WHAT TO PRODUCE:
Your answer should hold exactly the lines below from the line with "Contact an Atlas" through the line with "The other great", both included, and no pictures at all.

RECORDS FOR THIS TASK: Begin

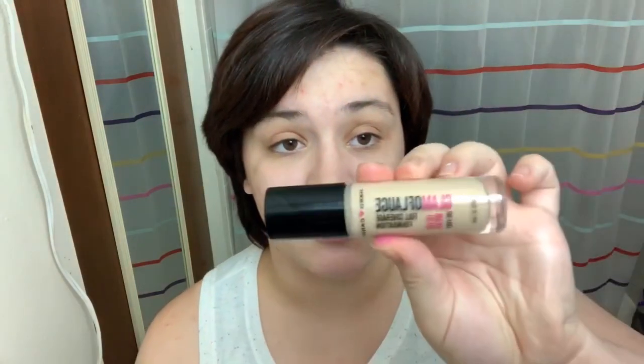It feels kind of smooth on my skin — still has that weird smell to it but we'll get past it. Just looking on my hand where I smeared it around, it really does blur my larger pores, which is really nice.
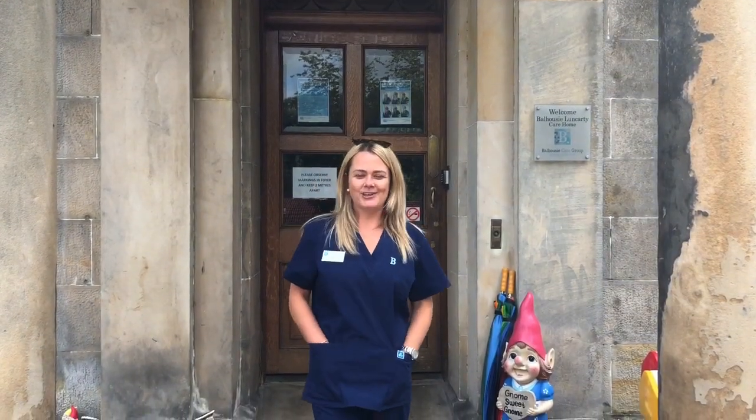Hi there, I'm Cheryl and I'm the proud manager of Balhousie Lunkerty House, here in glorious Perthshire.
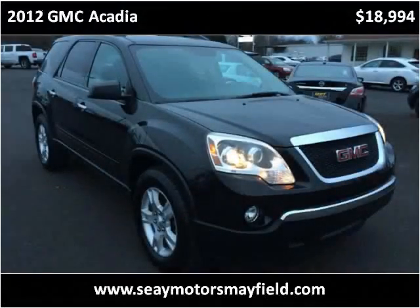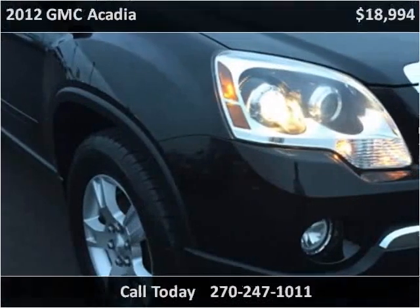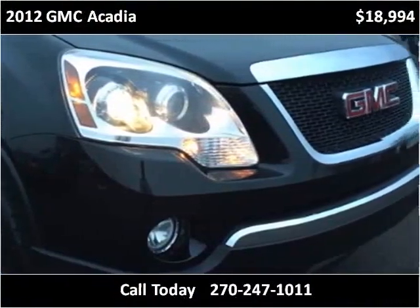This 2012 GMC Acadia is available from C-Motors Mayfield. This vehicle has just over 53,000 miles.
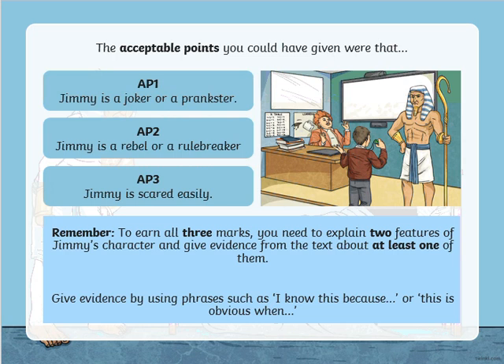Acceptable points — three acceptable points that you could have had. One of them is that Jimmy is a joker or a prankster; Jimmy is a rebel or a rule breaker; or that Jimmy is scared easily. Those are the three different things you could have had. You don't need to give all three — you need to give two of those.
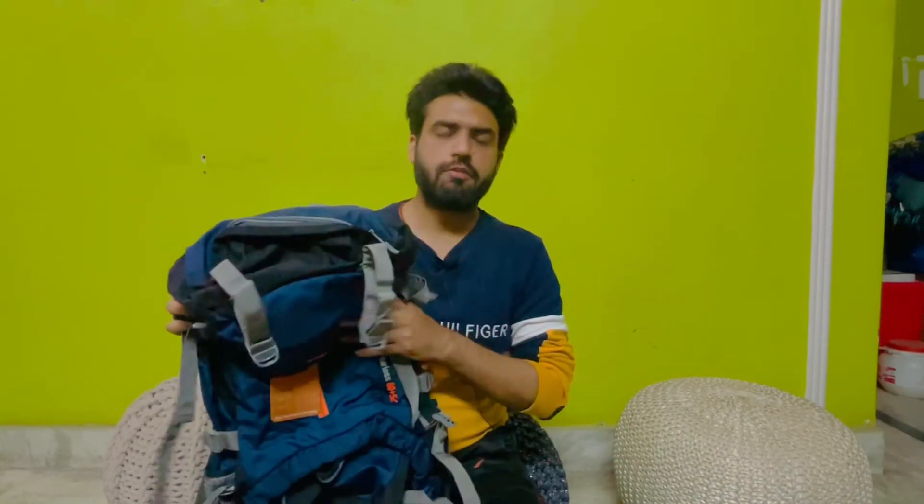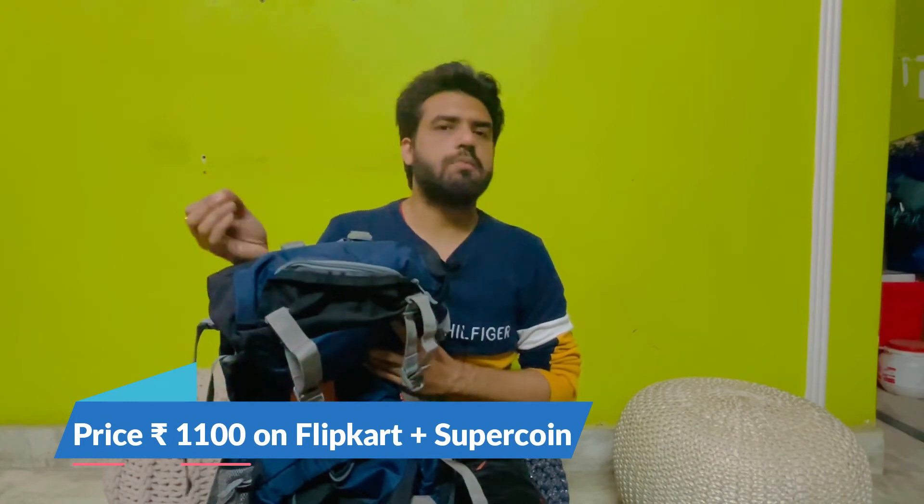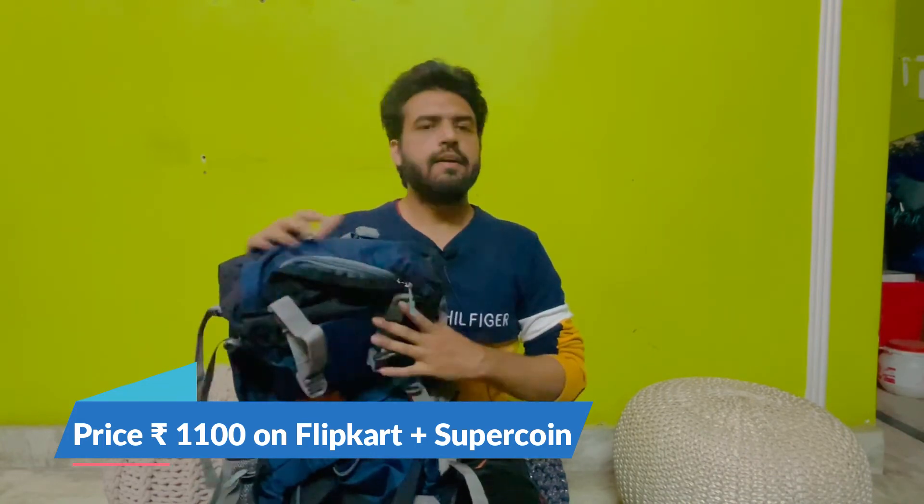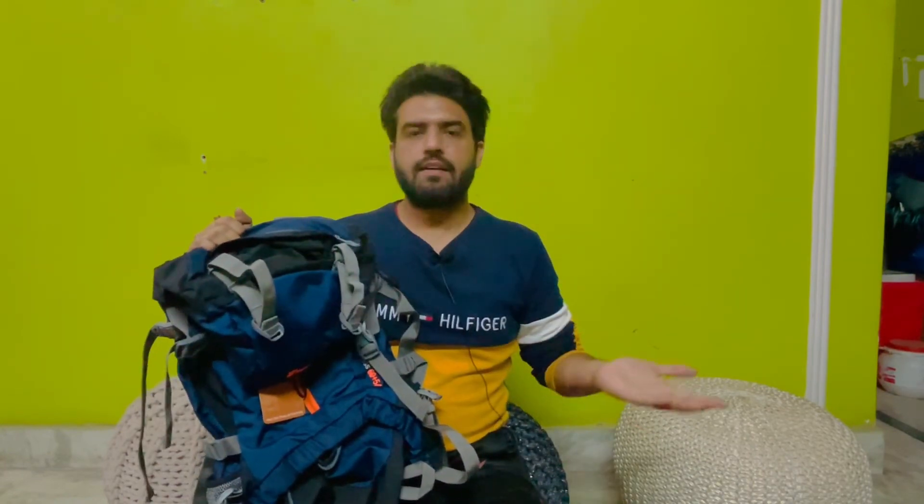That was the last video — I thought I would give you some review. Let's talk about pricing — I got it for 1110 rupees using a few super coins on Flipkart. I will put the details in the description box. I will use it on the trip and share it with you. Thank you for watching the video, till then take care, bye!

RECORDS FOR THIS TASK: End
RECORDS FOR THIS TASK: Begin

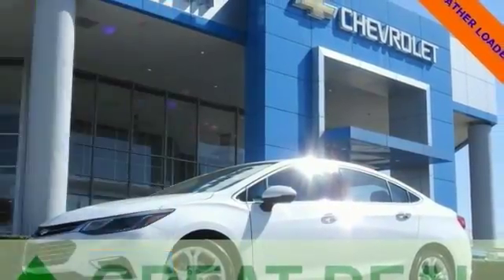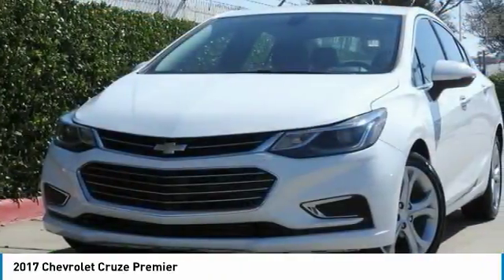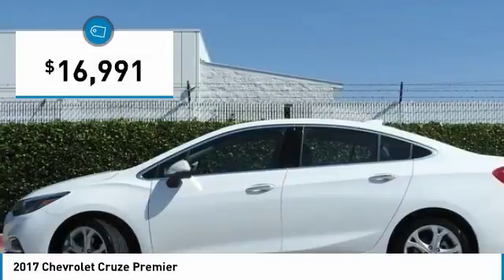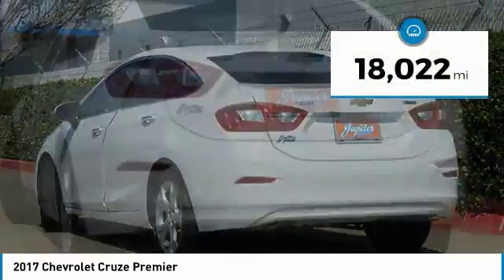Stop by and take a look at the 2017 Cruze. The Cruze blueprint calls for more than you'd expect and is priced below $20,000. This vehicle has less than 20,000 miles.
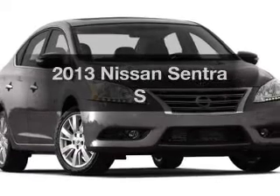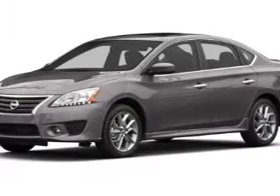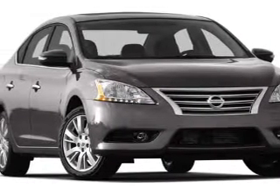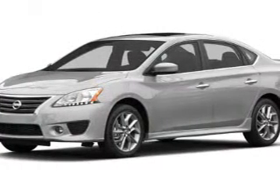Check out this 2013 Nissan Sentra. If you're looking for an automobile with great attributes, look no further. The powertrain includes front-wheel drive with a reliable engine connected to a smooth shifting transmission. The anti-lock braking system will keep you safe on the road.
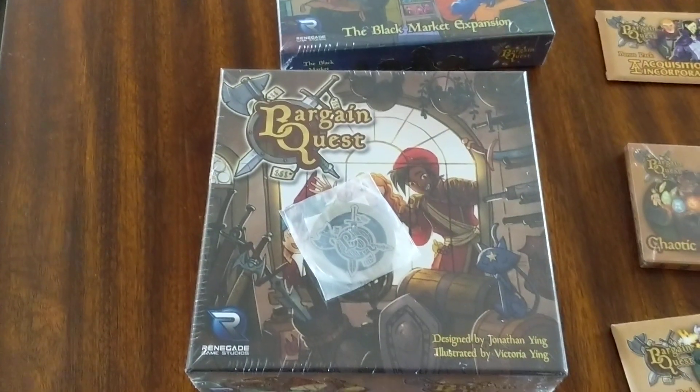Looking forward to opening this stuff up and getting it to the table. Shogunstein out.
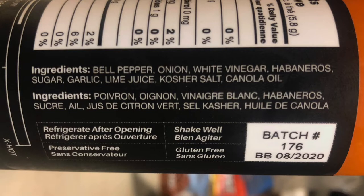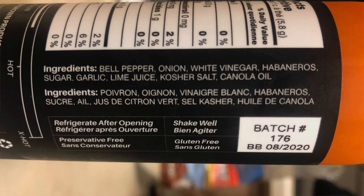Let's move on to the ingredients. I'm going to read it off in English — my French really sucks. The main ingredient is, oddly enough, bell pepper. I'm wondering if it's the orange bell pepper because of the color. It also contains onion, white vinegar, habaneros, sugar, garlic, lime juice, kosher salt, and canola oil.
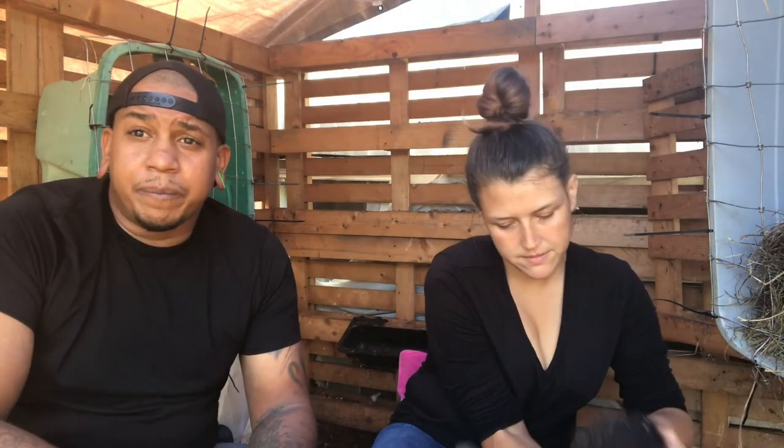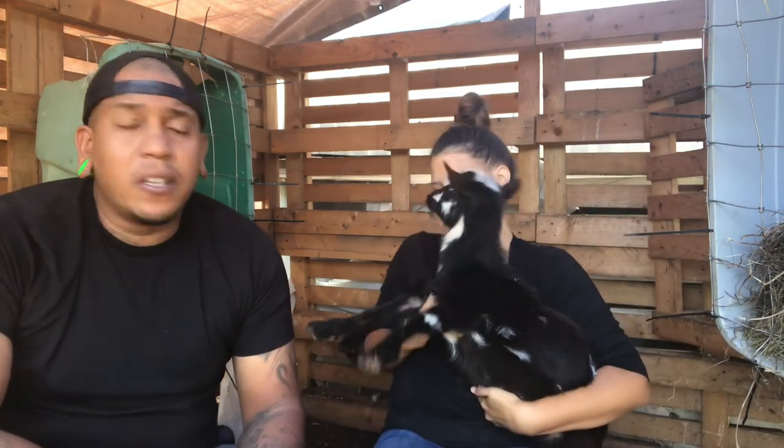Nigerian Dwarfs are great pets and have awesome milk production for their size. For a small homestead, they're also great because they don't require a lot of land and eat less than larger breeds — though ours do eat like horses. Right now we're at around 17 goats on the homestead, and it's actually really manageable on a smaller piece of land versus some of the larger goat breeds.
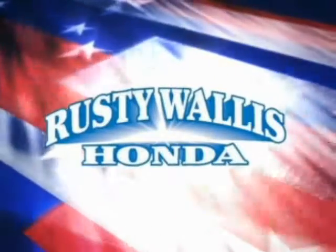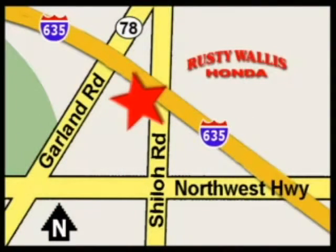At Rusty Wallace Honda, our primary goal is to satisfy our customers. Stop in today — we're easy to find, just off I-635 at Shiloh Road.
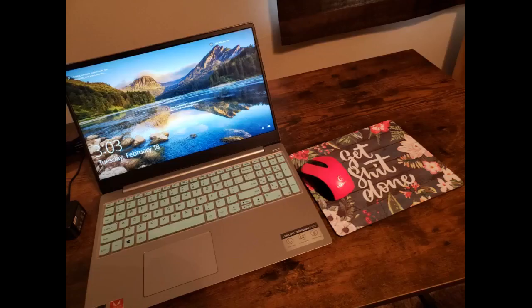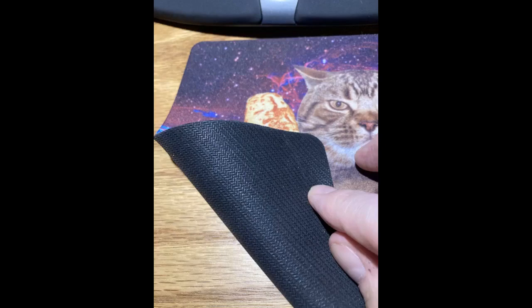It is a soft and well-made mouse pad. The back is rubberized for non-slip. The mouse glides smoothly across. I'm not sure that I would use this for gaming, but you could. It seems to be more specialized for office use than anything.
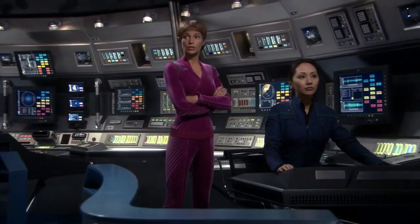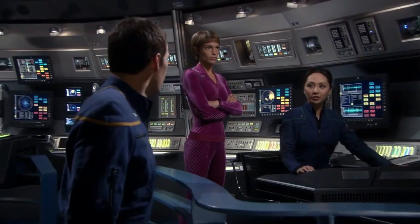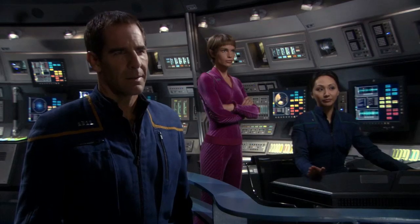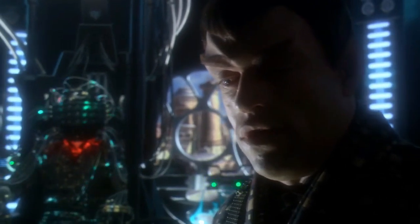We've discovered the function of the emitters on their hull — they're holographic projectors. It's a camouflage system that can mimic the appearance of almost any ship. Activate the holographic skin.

RECORDS FOR THIS TASK: End
RECORDS FOR THIS TASK: Begin

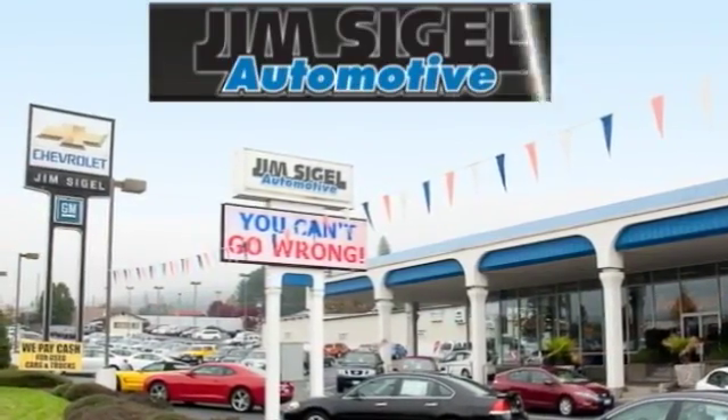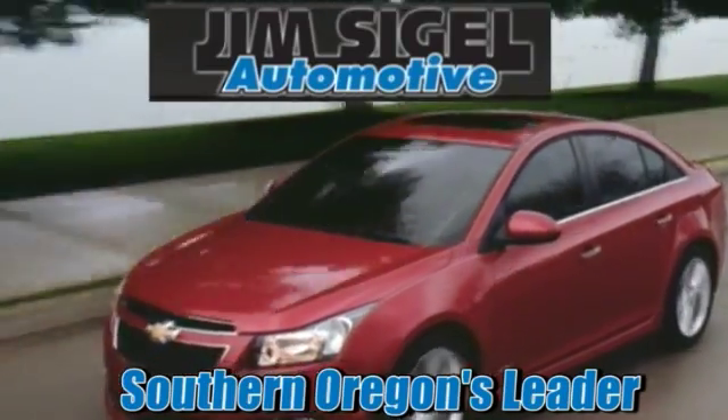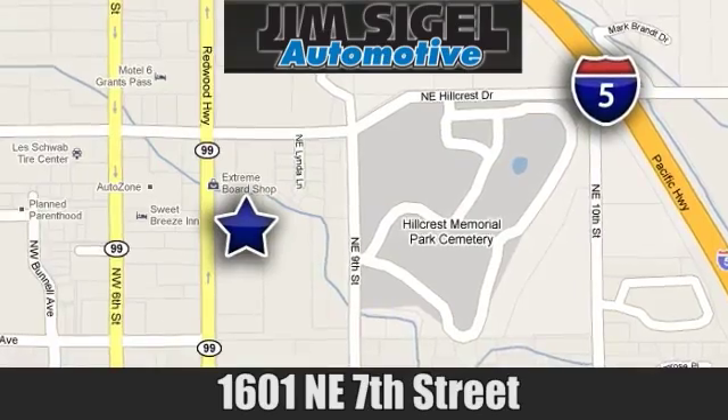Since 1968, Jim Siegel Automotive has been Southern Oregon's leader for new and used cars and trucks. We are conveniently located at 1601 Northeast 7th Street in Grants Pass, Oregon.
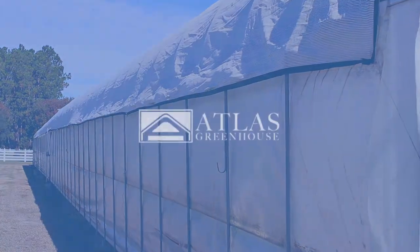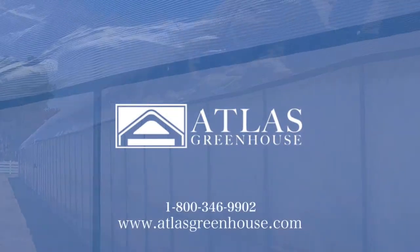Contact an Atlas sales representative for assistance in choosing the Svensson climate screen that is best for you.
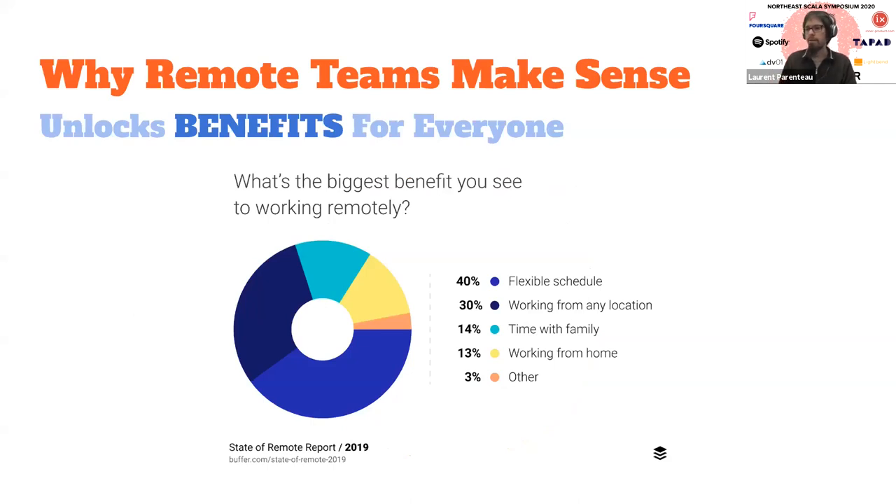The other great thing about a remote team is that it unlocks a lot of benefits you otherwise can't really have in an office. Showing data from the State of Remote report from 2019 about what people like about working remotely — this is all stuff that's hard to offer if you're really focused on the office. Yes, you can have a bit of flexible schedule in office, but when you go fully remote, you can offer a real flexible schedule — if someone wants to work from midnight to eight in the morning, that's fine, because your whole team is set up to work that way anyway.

RECORDS FOR THIS TASK: End

SOLUTION BELOW:
Contact an Atlas sales representative for assistance in choosing the Svensson climate screen that is best for you.
The other great thing about a remote team is that it unlocks a lot of benefits you otherwise can't really have in an office. Showing data from the State of Remote report from 2019 about what people like about working remotely — this is all stuff that's hard to offer if you're really focused on the office. Yes, you can have a bit of flexible schedule in office, but when you go fully remote, you can offer a real flexible schedule — if someone wants to work from midnight to eight in the morning, that's fine, because your whole team is set up to work that way anyway.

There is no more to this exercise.